EASL3 guidelines stipulate that these patients present a median survival of 2.5 years after TACE whereas cTACE extends the survival of these patients to a maximum of 37 months8.
Consequently, cTACE as a standard of care for primary liver cancer therapy has increasingly been recognized and utilized on all continents, with more than 400,000 patients being treated every year.
For interventional oncology procedures, Lipiodol® Ultra-Fluid is approved for the cTACE indication in EMEA (Austria, Belgium, Czech Republic, Denmark, France, Hungary, Iran, Ireland, Luxembourg, Portugal, South Africa, Switzerland, The Netherlands, Tunisia, Turkey), in the Americas (Argentina, Colombia, Brazil, Chile, Mexico, Peru, Uruguay) and in Asia-Pacific (Australia, Brunei Darussalam, Cambodia, Hong Kong, India, Mongolia, New Zealand, Philippines, South Korea, Sri Lanka, Taiwan, Thailand, Vietnam).
This approval of Lipiodol® Ultra-Fluid for cTACE in South Africa bolsters Guerbet’s strategy to develop its Interventional Imaging Business Unit and invest in R&D to deliver enhanced and innovative interventional oncology therapies.
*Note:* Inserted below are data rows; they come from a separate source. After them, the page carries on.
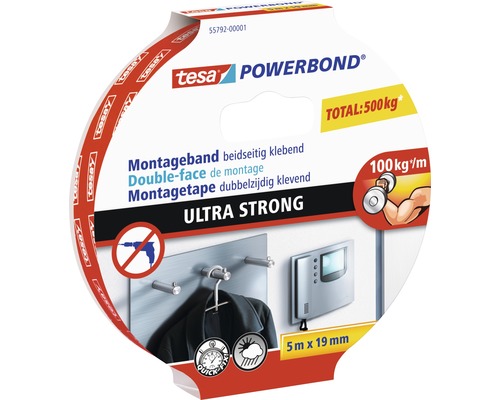 tesa Powerbond montagetape Ultra Strong 5m x 19mm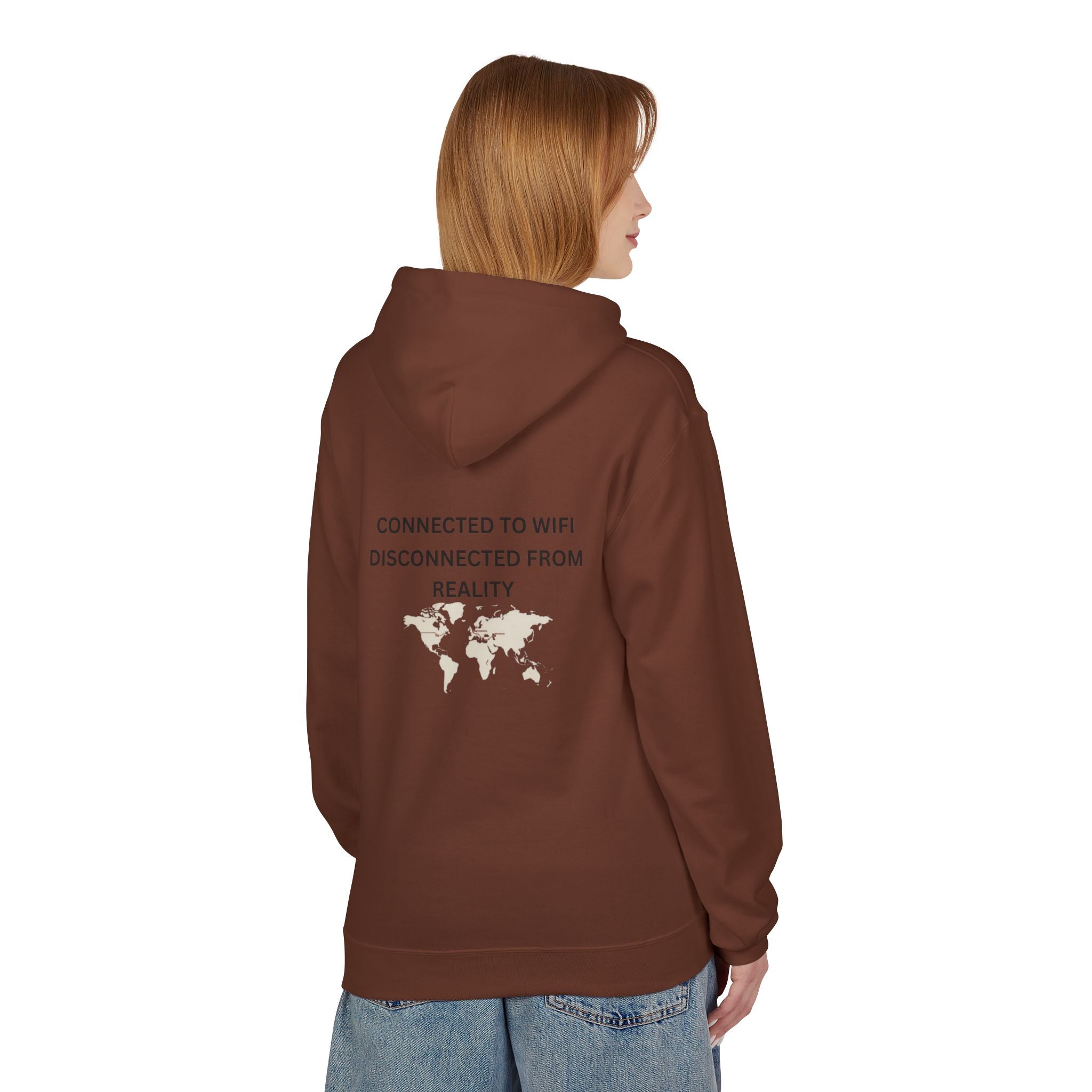 Connected to WiFi, Disconnected from Reality Hoodie – Minimal World Map Tech Travel Pullover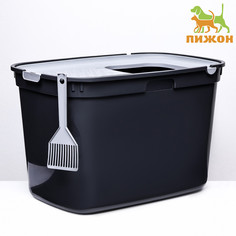 Туалет-домик для кошек закрытый с верхним входом 59*39*38 см, серый No Brand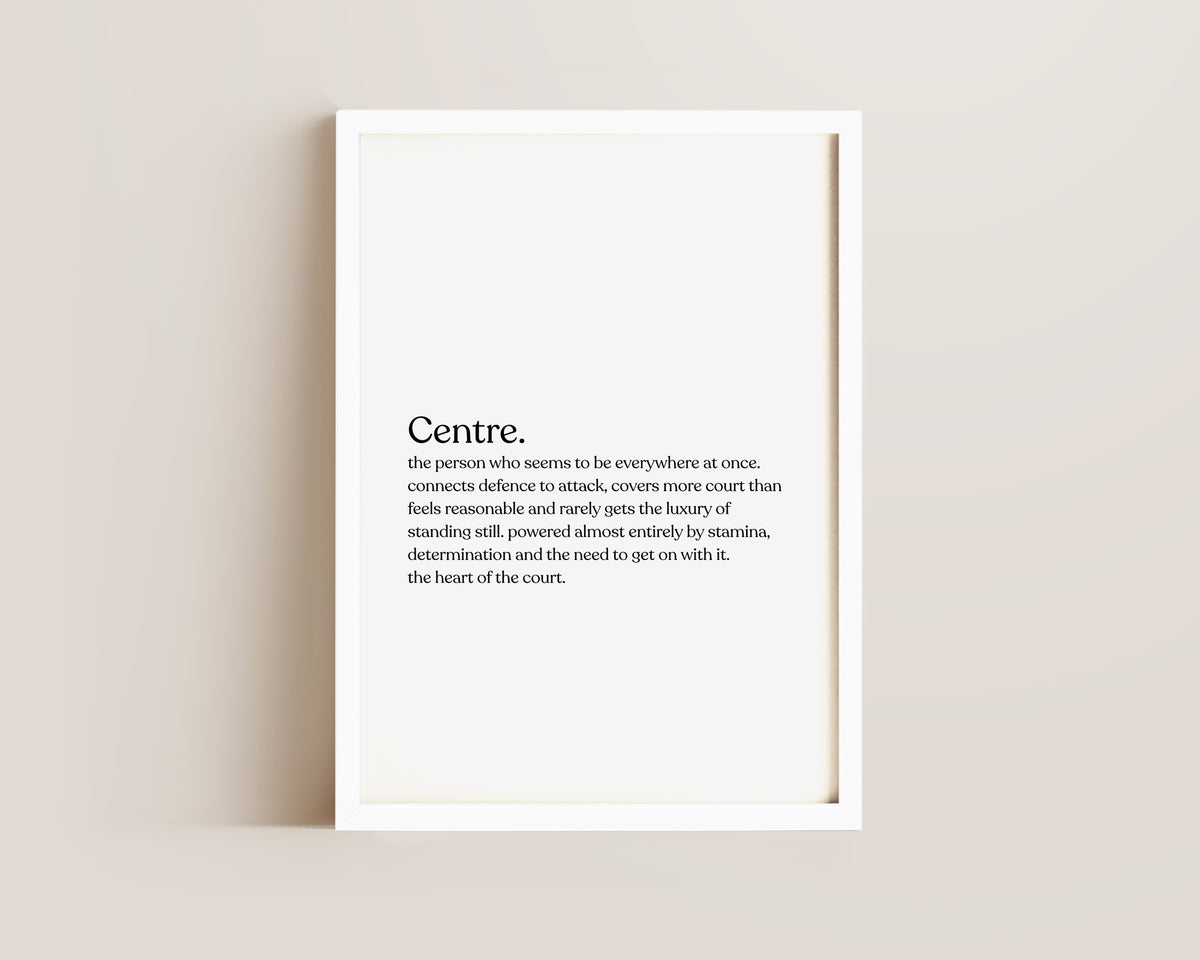 Centre Netball Definition Print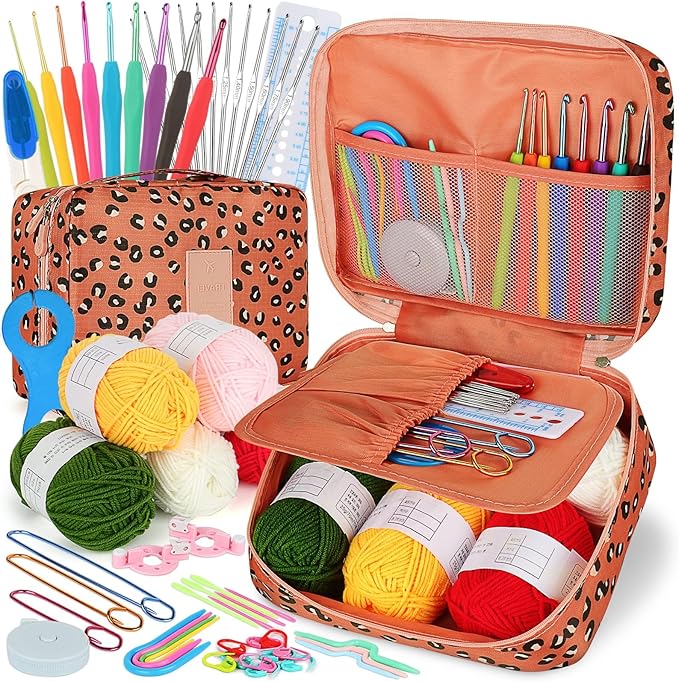 coopay crochet kit beginners crochet hook set with crochet yarn,58pcs portable crochet set ergonomic crochet hooks travel knitting crochet supplies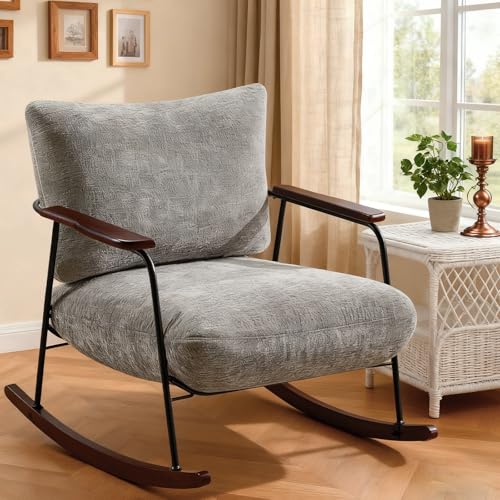 Hellove Sillón mecedora gris con reposabrazos de madera, sillón de lactancia, mecedora Rocking Chair moderno sillón relax acolchado para salón, dormitorio, habitación de bebé, enfermería, chenilla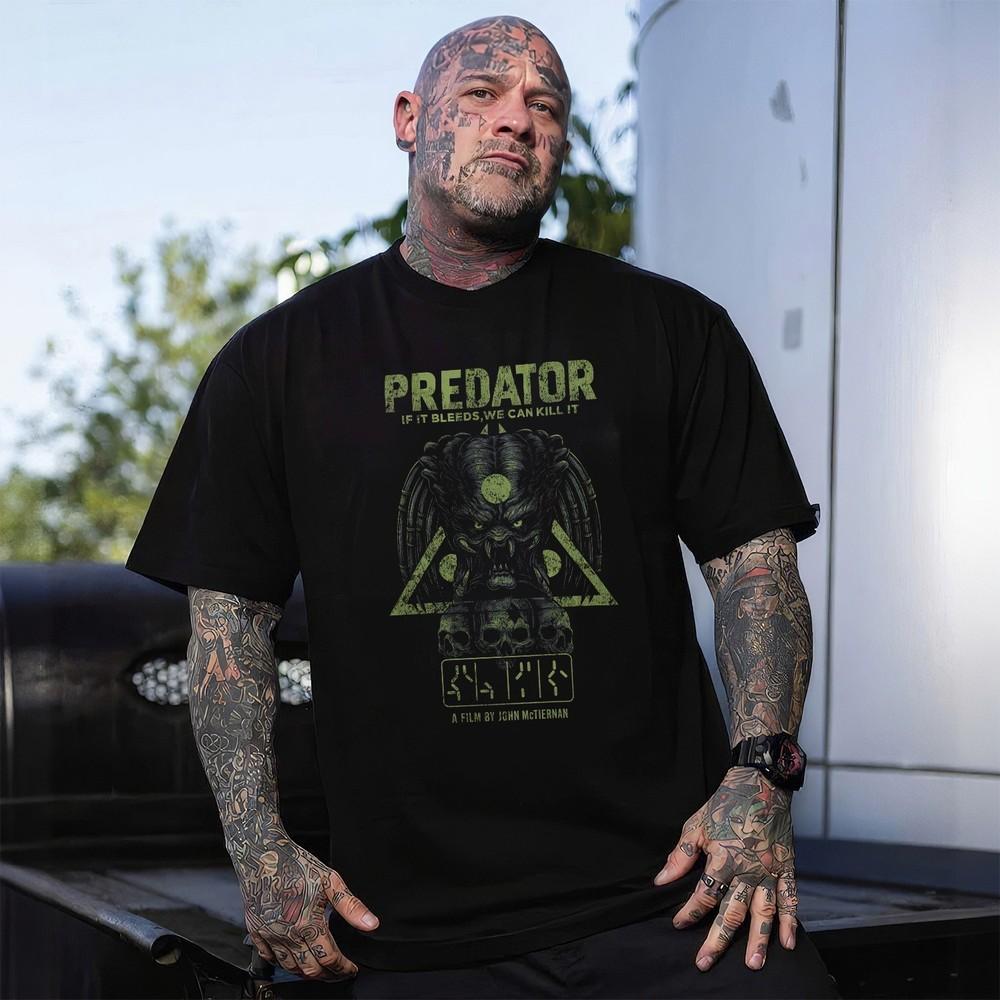 Vintage Retro Predator Arnold Classic Film Action T Shirt 90s 80s Mens
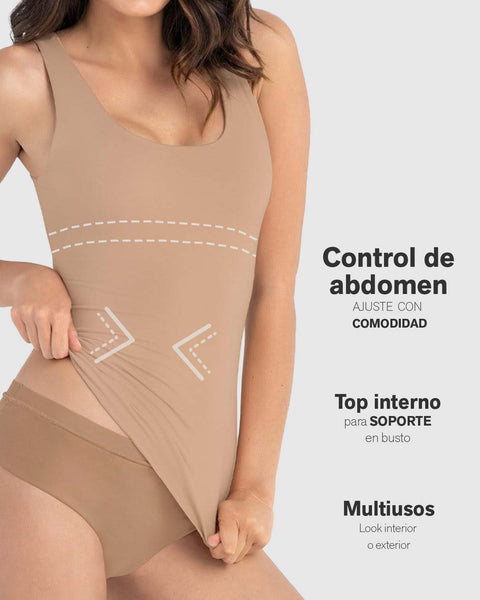 Camiseta de compresión moderada con doble capa en abdomen#color_801-cafe-medio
Lipiodol® Ultra-Fluid is approved for imaging in patients with known hepatocellular carcinoma (HCC) in the US, in Canada and in Germany.
Lipiodol® Ultra-Fluid is approved for adjustment of epirubicin hydrochloride for transarterial injection in Japan.
Conventional transarterial chemo-embolization (cTACE) is a minimally invasive procedure which consists of mixing Lipiodol® Ultra-Fluid with an anticancer drug and injecting this treatment trans-arterially in the liver as a locoregional targeted chemotherapy, in which Lipiodol® Ultra-Fluid acts as a contrast agent, a drug vehicle and a dual arterio-portal transient embolic2. cTACE was first performed in Japan in 1982 and then used effectively throughout Asia, Europe, the Middle East and Africa, as well as North America.
About Lipiodol® Ultra-Fluid
Lipiodol® Ultra-Fluid (ethyl esters of iodized fatty acids of poppyseed oil) was initially developed for diagnostic radiology in indications including lymphography and hysterosalpingography and then used in interventional oncology for conventional transarterial chemo-embolization (cTACE) procedures of multinodular hepatocellular carcinoma. The approved indications for Lipiodol® Ultra-Fluid may vary according to countries. Please refer to the local SmPC for further information.
At Guerbet, we build lasting relationships so that we enable people to live better. This is our Purpose. We are a leader in medical imaging worldwide, offering a wide range of pharmaceutical products, medical devices, digital and AI solutions for diagnostic and interventional imaging. A pioneer since 95 years in the field of contrast media, Guerbet is a team of over 2,600 people globally, continuously innovating with 10% of revenue dedicated to Research & Development across four centers in France, Israel and the United States. Guerbet (GBT) is listed on Euronext Paris (segment B – mid caps) and generated €712 million in revenue in 2020. For more information, please visit www.guerbet.com.
1 WHO, Cancer Today, Liver Source: Globocan 2020.
2 Kan et al., Seminars in Interventional Radiology 2008; 25 (2): 7785.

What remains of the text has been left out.